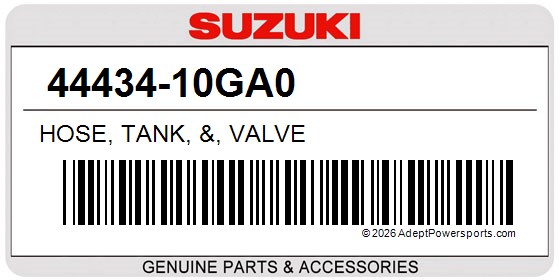 Suzuki 44434-10GA0 Hose, Tank, &, Valve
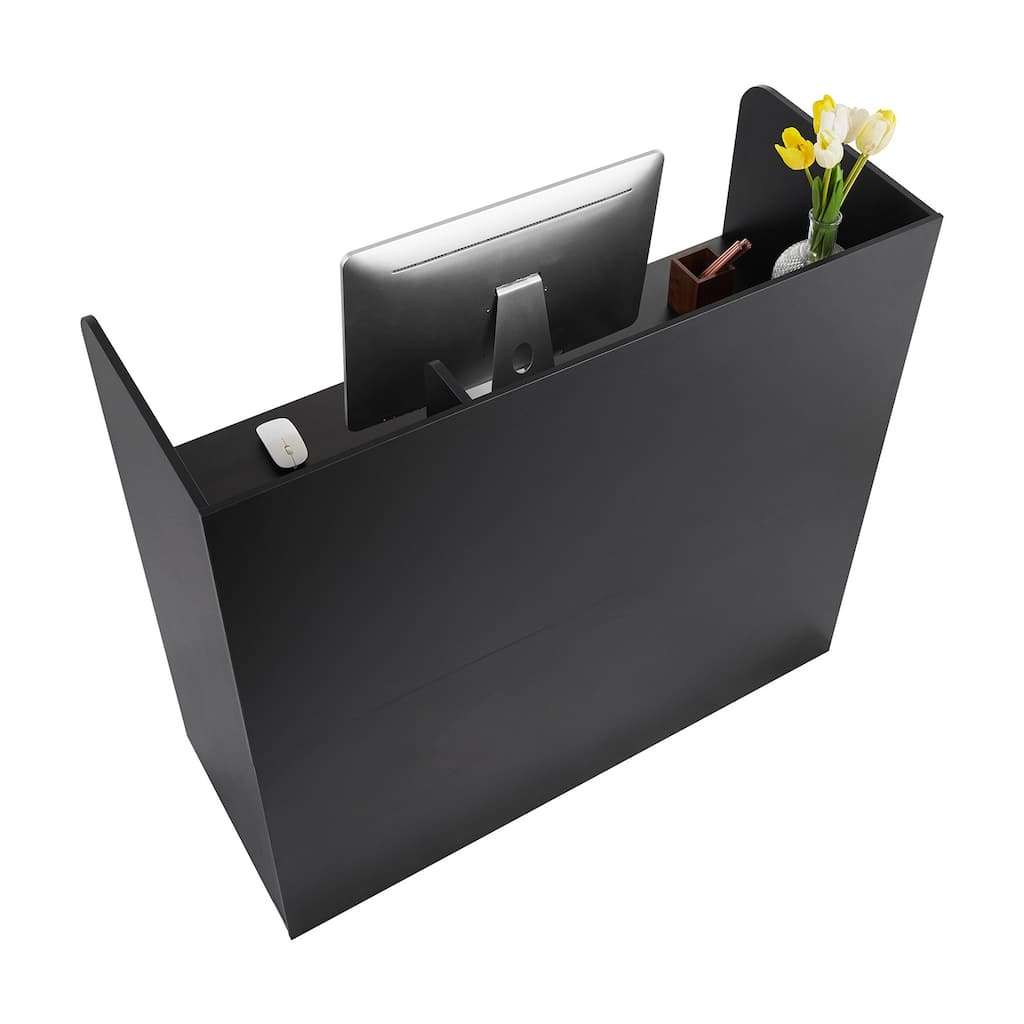 Black MDF Reception Desk with 3 Drawers and Cabinet Storage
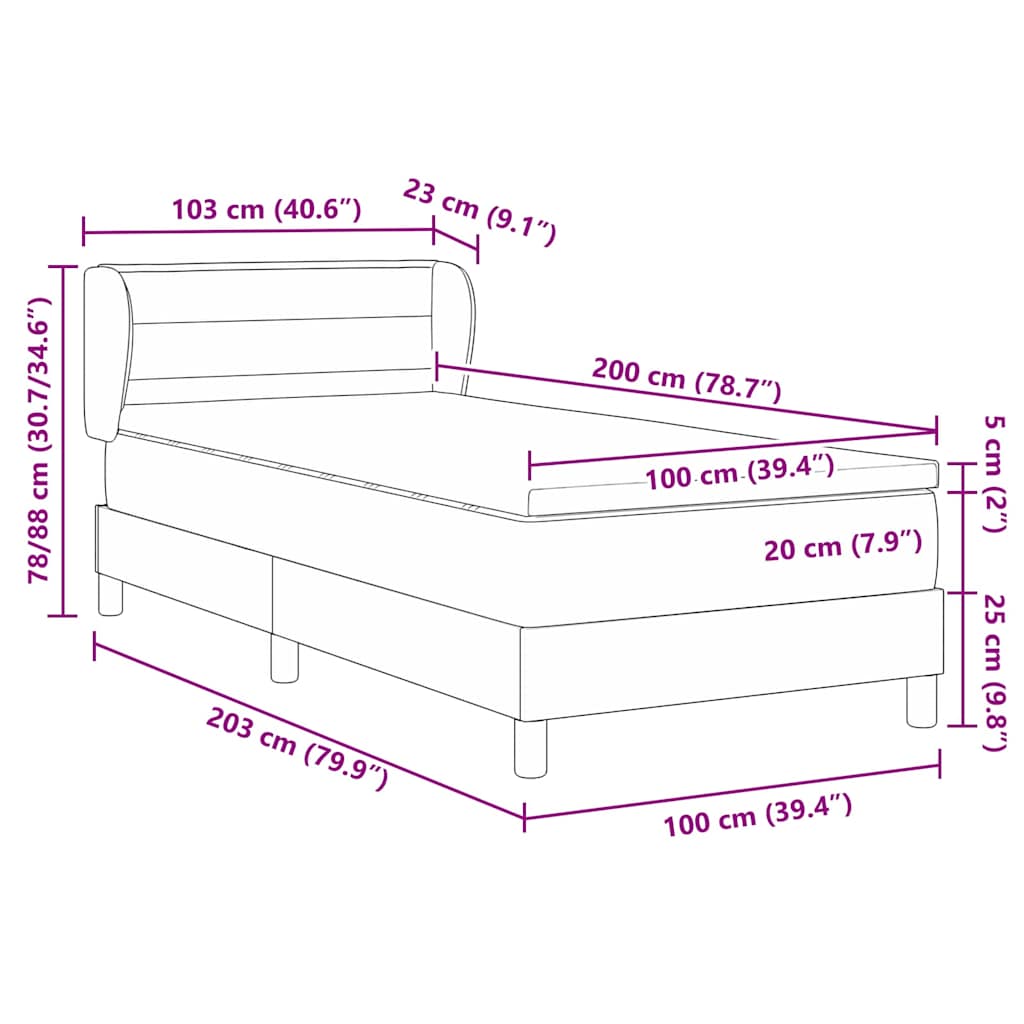 vidaXL Κρεβάτι box spring με στρώμα με στρώμα Μπλε 100 x 200 cm ύφασμα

+ + + + + + +

**Task**
Output the full listing above exactly, excluding all pictures.

**Completed task**
 Suzuki 44434-10GA0 Hose, Tank, &, Valve
 Black MDF Reception Desk with 3 Drawers and Cabinet Storage
 vidaXL Κρεβάτι box spring με στρώμα με στρώμα Μπλε 100 x 200 cm ύφασμα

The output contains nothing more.